Statistical Analysis of Stochastic Magnetic Fields
Abstract
Previous work has introduced scale-split energy density \psi for a given
vector field B in order to quantify the field stochasticity S(t). Application
to turbulent magnetic fields leads to the prediction that tangling magnetic
field by turbulence increases magnetic stochasticity. An increasing
stochasticity in turn leads to disalignments of the coarse-grained fields at
smaller scales thus they average to weaker fields at larger scales upon
coarse-graining. The field's resistance against tanglement by the turbulence
may lead at some point to its sudden slippage through the fluid, decreasing the
stochasticity and increasing the energy density. Thus the maxima (minima) of
magnetic stochasticity are expected to approximately coincide with the minima
(maxima) of energy density, occurrence of which corresponds to slippage of the
magnetic field through the fluid.
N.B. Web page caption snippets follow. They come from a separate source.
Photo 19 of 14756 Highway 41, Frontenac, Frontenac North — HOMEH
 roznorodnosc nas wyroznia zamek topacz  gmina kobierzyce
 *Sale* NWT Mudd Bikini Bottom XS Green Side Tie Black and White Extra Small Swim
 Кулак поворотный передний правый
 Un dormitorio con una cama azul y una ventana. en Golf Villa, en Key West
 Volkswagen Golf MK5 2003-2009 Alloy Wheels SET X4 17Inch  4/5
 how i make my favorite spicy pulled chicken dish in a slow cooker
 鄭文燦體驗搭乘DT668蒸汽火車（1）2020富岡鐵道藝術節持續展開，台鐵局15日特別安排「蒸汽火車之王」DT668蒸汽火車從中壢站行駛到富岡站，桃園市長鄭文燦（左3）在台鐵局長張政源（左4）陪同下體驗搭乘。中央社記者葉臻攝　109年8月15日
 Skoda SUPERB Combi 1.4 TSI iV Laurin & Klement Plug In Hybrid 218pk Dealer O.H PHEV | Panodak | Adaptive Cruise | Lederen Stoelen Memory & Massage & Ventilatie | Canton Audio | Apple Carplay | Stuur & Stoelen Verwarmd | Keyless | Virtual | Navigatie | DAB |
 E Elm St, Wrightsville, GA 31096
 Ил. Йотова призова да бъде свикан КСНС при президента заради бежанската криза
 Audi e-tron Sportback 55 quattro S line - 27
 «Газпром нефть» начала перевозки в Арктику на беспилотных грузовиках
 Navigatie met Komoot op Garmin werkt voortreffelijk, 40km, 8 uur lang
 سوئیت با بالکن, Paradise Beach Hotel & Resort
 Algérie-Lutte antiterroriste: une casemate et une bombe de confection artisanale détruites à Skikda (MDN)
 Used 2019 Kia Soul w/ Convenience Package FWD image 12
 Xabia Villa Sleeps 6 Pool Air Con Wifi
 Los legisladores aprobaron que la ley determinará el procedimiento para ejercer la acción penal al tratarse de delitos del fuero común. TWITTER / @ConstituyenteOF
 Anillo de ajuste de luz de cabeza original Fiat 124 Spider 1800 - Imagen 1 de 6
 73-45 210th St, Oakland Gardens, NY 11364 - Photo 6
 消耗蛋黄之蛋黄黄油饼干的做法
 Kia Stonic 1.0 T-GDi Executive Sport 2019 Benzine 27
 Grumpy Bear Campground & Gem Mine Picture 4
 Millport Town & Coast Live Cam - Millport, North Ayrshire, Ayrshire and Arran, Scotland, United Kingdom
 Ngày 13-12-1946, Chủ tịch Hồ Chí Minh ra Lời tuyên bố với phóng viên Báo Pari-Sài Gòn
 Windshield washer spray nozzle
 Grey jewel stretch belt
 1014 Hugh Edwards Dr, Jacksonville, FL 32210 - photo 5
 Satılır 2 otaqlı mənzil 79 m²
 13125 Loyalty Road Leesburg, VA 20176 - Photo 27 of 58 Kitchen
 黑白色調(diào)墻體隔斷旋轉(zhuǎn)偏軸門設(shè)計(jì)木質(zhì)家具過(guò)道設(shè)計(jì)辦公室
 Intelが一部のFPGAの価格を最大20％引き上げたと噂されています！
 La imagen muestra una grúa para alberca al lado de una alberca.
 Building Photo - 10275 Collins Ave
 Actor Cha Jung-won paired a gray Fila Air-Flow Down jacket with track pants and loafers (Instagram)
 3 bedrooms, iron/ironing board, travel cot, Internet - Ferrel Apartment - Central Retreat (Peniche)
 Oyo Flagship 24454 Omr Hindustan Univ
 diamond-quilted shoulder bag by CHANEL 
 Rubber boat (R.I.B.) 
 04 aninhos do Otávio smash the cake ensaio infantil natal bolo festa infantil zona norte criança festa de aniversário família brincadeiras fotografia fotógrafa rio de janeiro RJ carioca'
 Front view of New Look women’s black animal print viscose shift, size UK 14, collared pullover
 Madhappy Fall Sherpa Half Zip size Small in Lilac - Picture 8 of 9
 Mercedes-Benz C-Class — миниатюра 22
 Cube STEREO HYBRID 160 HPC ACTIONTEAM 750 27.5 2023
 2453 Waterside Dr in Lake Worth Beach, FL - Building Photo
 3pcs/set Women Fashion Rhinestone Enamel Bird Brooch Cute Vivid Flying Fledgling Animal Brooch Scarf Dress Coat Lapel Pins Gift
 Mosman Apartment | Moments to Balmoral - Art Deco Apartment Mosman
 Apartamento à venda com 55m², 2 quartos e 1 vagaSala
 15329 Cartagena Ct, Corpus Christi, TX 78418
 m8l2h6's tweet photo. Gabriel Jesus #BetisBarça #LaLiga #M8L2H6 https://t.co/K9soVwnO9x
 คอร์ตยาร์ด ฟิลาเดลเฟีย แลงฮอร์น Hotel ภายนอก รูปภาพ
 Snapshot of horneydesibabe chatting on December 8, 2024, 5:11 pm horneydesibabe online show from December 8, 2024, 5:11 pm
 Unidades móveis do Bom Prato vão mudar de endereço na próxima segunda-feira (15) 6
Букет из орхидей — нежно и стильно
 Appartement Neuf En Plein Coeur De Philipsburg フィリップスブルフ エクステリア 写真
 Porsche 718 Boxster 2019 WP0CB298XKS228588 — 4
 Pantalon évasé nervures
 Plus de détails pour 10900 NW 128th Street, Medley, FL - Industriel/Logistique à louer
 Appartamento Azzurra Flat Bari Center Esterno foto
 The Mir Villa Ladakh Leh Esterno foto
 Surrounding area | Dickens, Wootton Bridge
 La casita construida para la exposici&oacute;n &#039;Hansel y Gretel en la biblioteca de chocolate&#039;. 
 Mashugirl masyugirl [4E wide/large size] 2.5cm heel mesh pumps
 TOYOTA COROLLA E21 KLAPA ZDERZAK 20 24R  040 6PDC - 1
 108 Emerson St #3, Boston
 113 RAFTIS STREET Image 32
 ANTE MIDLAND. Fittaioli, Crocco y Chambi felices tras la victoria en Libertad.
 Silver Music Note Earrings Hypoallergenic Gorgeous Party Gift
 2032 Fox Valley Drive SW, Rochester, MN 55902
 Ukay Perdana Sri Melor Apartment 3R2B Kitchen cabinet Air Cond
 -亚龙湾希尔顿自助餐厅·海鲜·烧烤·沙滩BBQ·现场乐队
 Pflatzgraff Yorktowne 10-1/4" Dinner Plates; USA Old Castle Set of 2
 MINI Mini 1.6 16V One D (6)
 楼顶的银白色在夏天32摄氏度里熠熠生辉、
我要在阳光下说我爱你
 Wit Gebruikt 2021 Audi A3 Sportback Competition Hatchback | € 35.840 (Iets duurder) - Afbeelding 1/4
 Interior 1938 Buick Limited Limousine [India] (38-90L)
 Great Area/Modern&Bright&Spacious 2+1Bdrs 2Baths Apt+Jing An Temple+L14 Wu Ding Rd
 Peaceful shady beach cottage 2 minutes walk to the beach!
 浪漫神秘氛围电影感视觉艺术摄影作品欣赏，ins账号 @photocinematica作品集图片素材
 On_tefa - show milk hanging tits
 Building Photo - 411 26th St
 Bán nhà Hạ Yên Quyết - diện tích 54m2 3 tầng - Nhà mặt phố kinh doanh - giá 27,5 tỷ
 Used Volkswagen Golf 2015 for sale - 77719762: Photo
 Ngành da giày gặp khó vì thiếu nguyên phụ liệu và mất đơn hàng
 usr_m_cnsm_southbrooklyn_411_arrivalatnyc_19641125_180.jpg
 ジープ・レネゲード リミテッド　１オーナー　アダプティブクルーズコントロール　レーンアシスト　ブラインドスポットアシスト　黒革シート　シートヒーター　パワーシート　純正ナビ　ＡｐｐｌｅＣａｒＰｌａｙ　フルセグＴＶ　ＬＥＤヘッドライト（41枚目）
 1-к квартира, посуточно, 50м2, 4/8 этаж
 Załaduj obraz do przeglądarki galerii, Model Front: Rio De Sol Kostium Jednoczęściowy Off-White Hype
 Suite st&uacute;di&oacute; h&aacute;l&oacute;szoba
Field-fluid slippage, on the other hand, has
been already found to be intimately related to magnetic reconnection. In this
paper, we test these theoretical predictions numerically using a homogeneous,
incompressible magnetohydrodynamic (MHD) simulation. Apart from expected small
scale deviations, possibly due to e.g., intermittency and strong field
annihilation, the theoretically predicted global relationship between
stochasticity and magnetic energy is observed in different sub-volumes of the
simulation box. This may indicate ubiquitous local field-fluid slippage and
small scale reconnection events in MHD turbulence. We also show that the
maximum magnetic stochasticity, i.e., \partial_t S(t)=0 & \partial^2_t S(t)<0,
leads to sudden increases in kinetic stochasticity level which may correspond
to fluid jets driven by the reconnecting field lines, i.e., reconnection. This
suggests a new mathematical approach to the reconnection problem.